INPUT DATA START

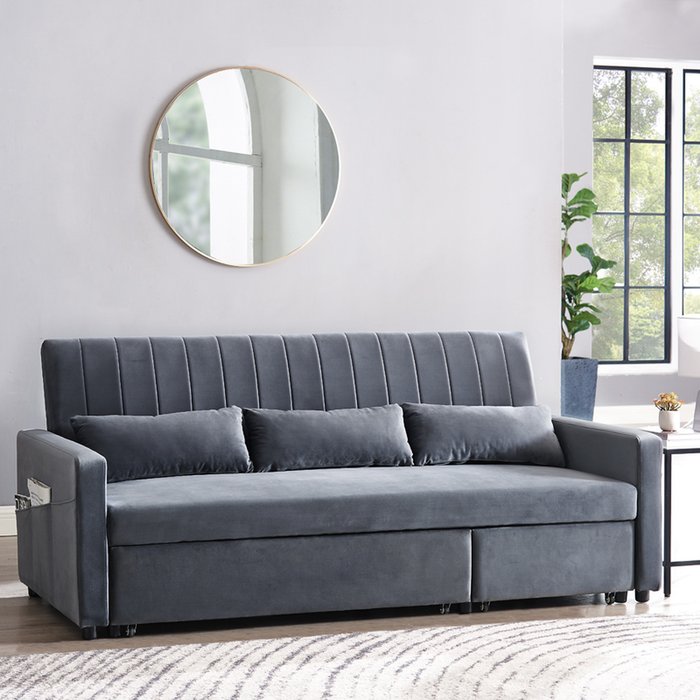 The Range | GRS Cornwall 3 Seater Sofa Bed Storage Chaise Pull Out Fabric - Grey Velvet / Fabric Velvet GRS Cornwall 3 Seater Sofa Bed Storage Chaise Pull Out Fabric - Grey Velvet / Fabric Velvet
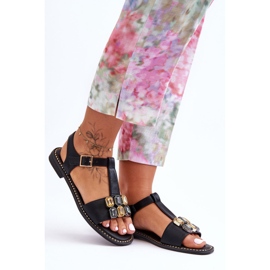 Sandalias Mujer S.Barski Con Piedras KV-2775-30 Negro 6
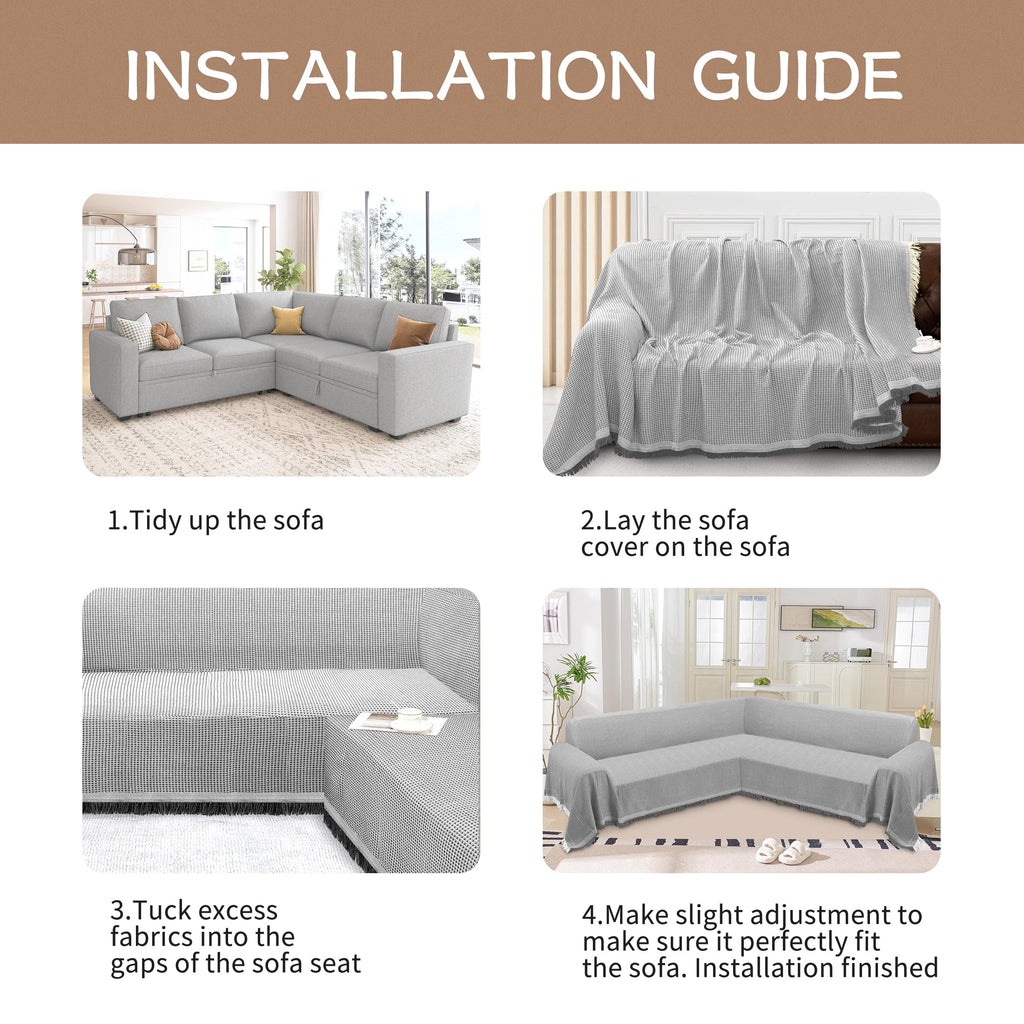 HDCAXKJ Washable L Shape Sofa Covers Reversible Sectional Couch Covers Corner Sofa Slipcovers Blankets Sofa Cover for Living Room Home Decor,91"x252",Gray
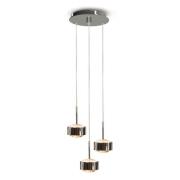 LED-hengelampe Puk Maxx Drop Trio, krom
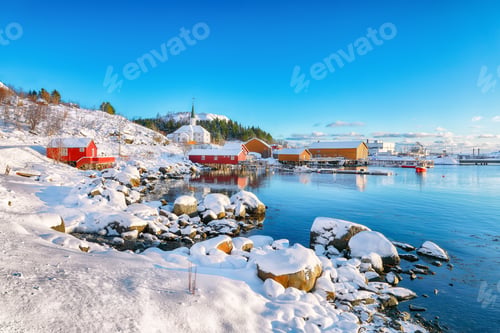 Preview: Awesome winter scenery of Moskenes village with ferryport and famous Moskenes parish Churc
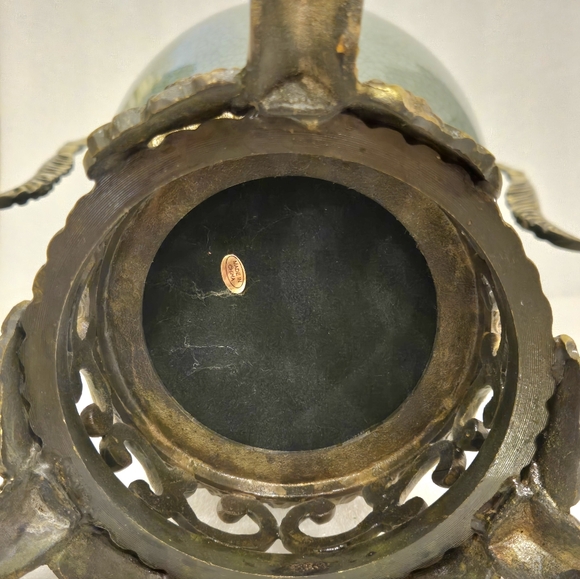 Antique Style Celadon Crackle Vase Ormolu Bronze Handles Base French Rococo 17” - Picture 8 of 11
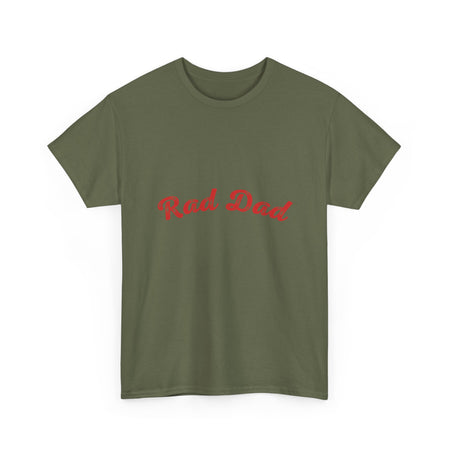 A Man standing ooutside wearing a t shirt with a Red Rad Dad Graphic on the front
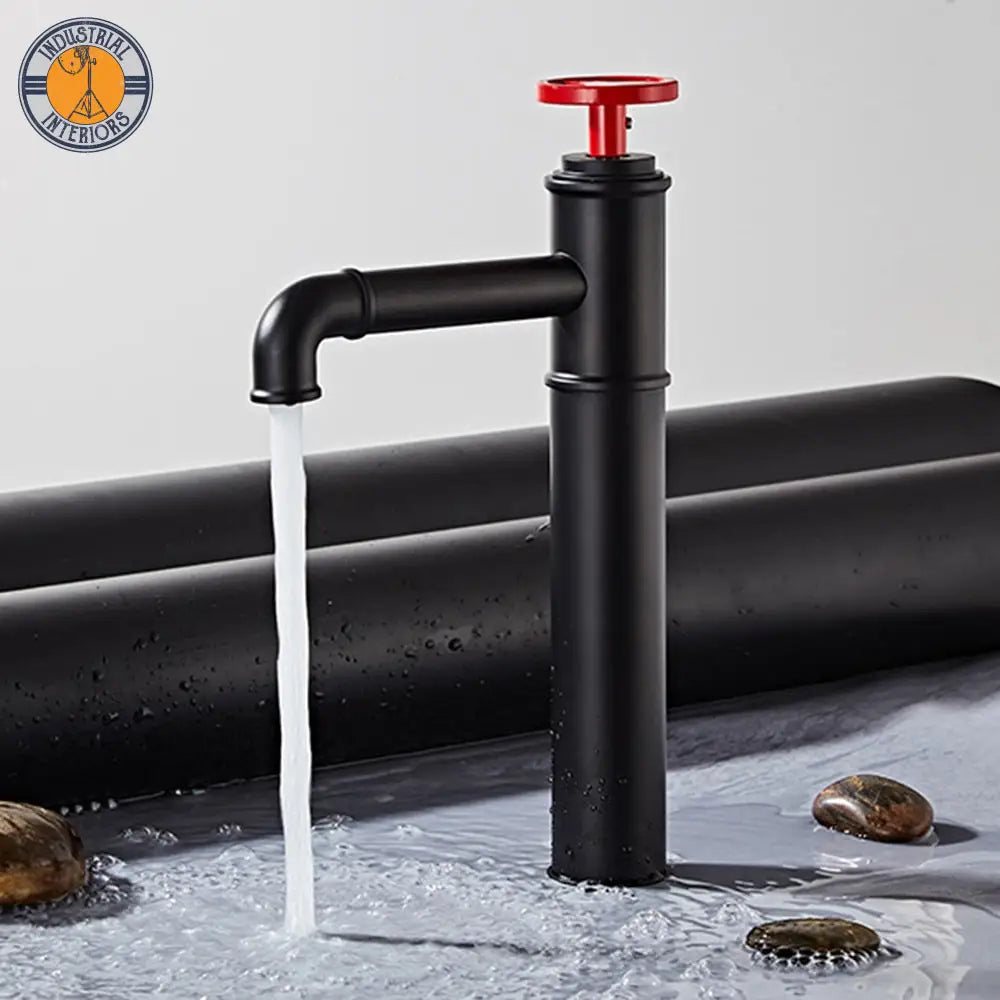 Industrial Style Hot Cold Tap Water Basin Faucet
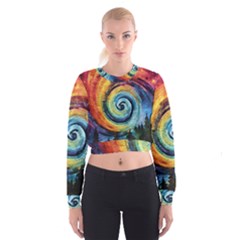 Cosmic Rainbow Quilt Artistic Swirl Spiral Forest Silhouette Fantasy Cropped Sweatshirt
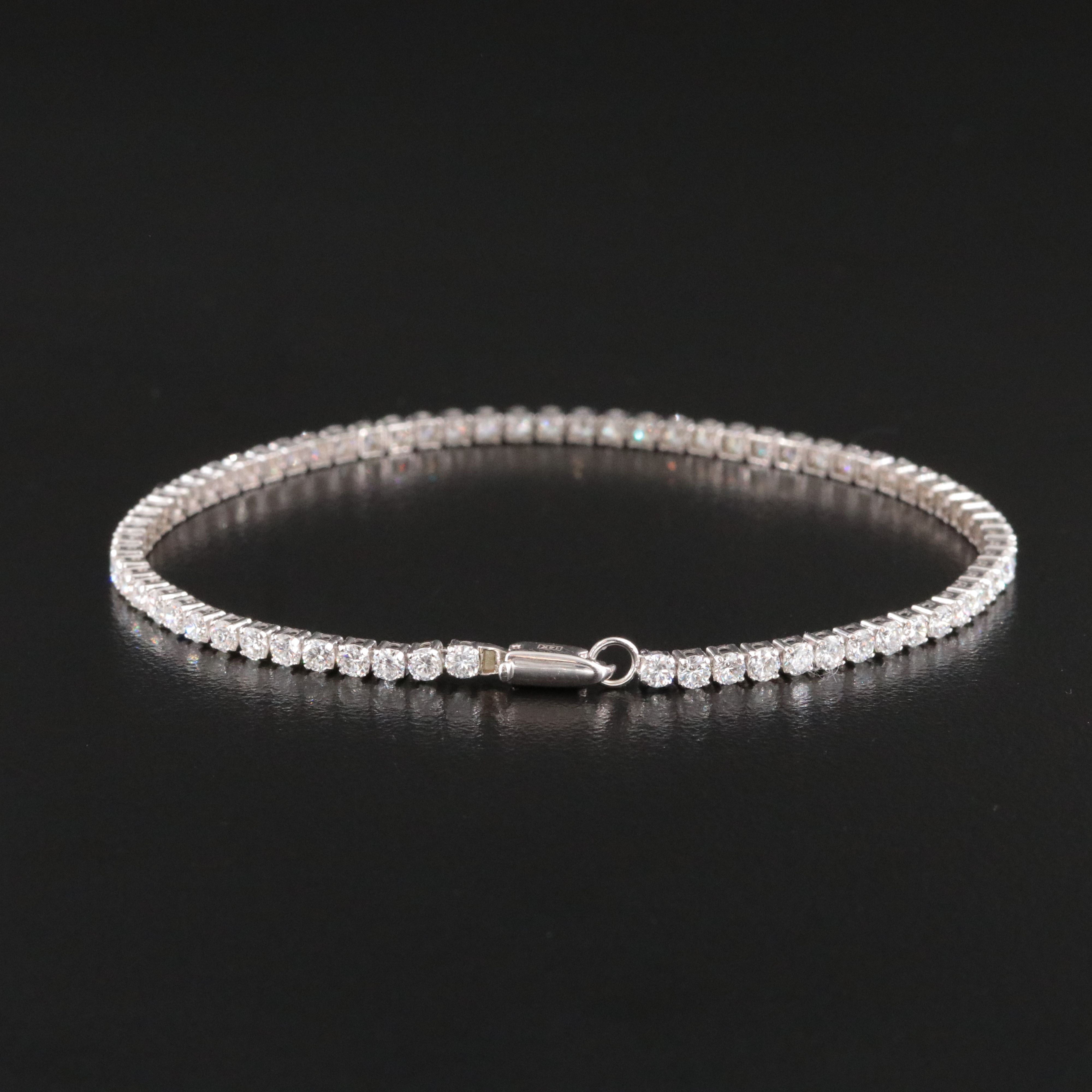 14K 3.23 CTW Lab Grown Diamond Line Bracelet with IGI Jewelry Report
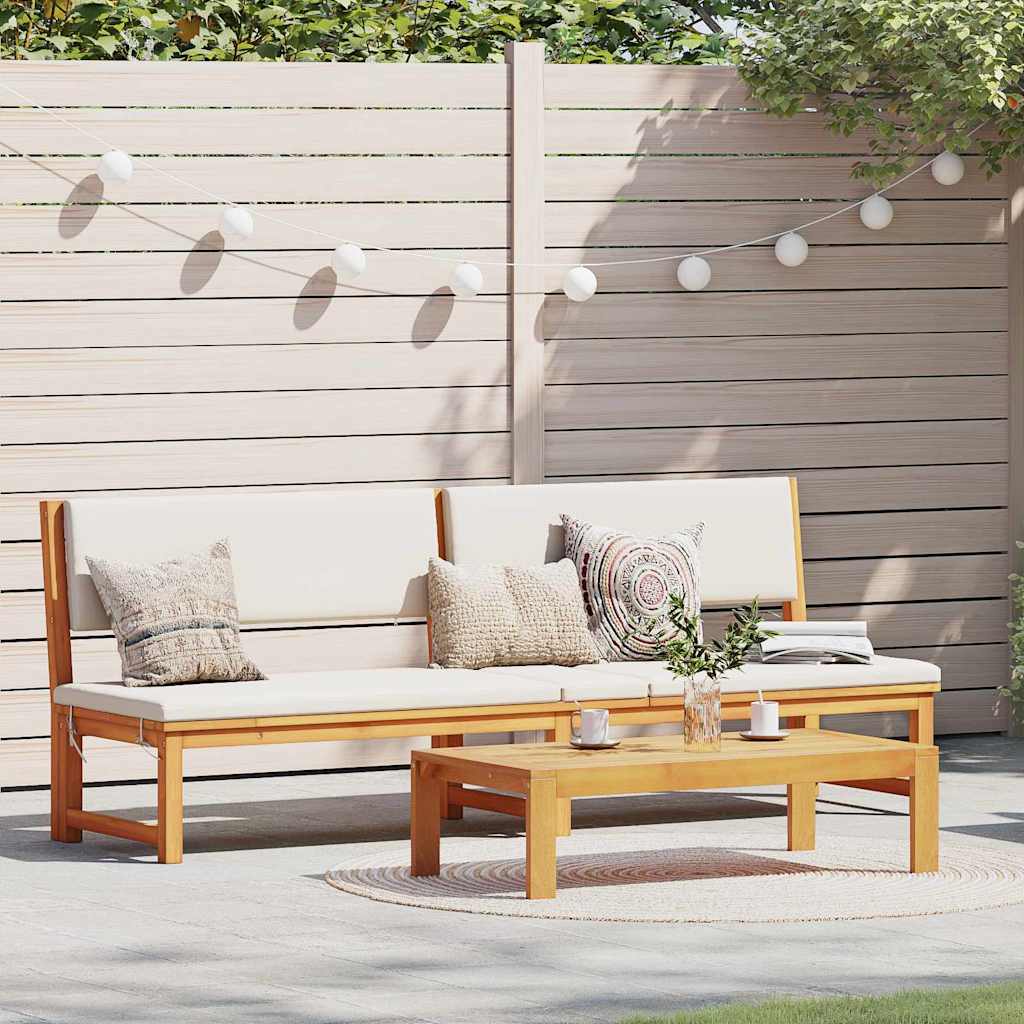 Sun Lounger Reclining Brown 200 x 57 x 75cm Solid Acacia wood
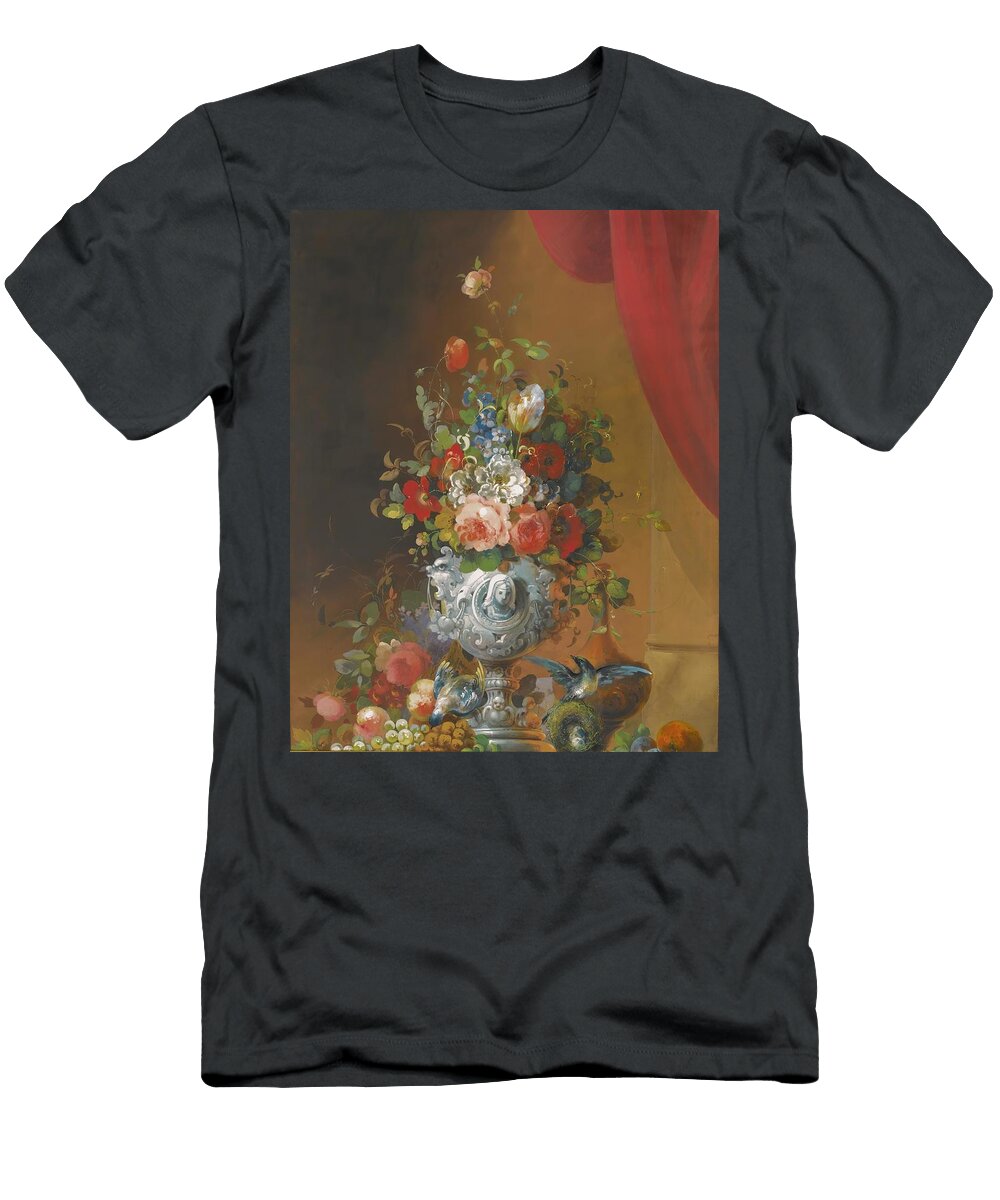 Still Life with Flowers in an Urn Birds and Fruit on a Ledge Below Art Follower of Anne Vallayercoster French T-Shirt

INPUT DATA END

[TASK OBJECTIVE] Give back word for word the lines from the one containing "Antique Style Celadon" through the final line of the data above. Pictures are to be left out.

[TASK SOLUTION]
 Antique Style Celadon Crackle Vase Ormolu Bronze Handles Base French Rococo 17” - Picture 8 of 11
 A Man standing ooutside wearing a t shirt with a Red Rad Dad Graphic on the front
 Industrial Style Hot Cold Tap Water Basin Faucet
 Cosmic Rainbow Quilt Artistic Swirl Spiral Forest Silhouette Fantasy Cropped Sweatshirt
 14K 3.23 CTW Lab Grown Diamond Line Bracelet with IGI Jewelry Report
 Sun Lounger Reclining Brown 200 x 57 x 75cm Solid Acacia wood
 Still Life with Flowers in an Urn Birds and Fruit on a Ledge Below Art Follower of Anne Vallayercoster French T-Shirt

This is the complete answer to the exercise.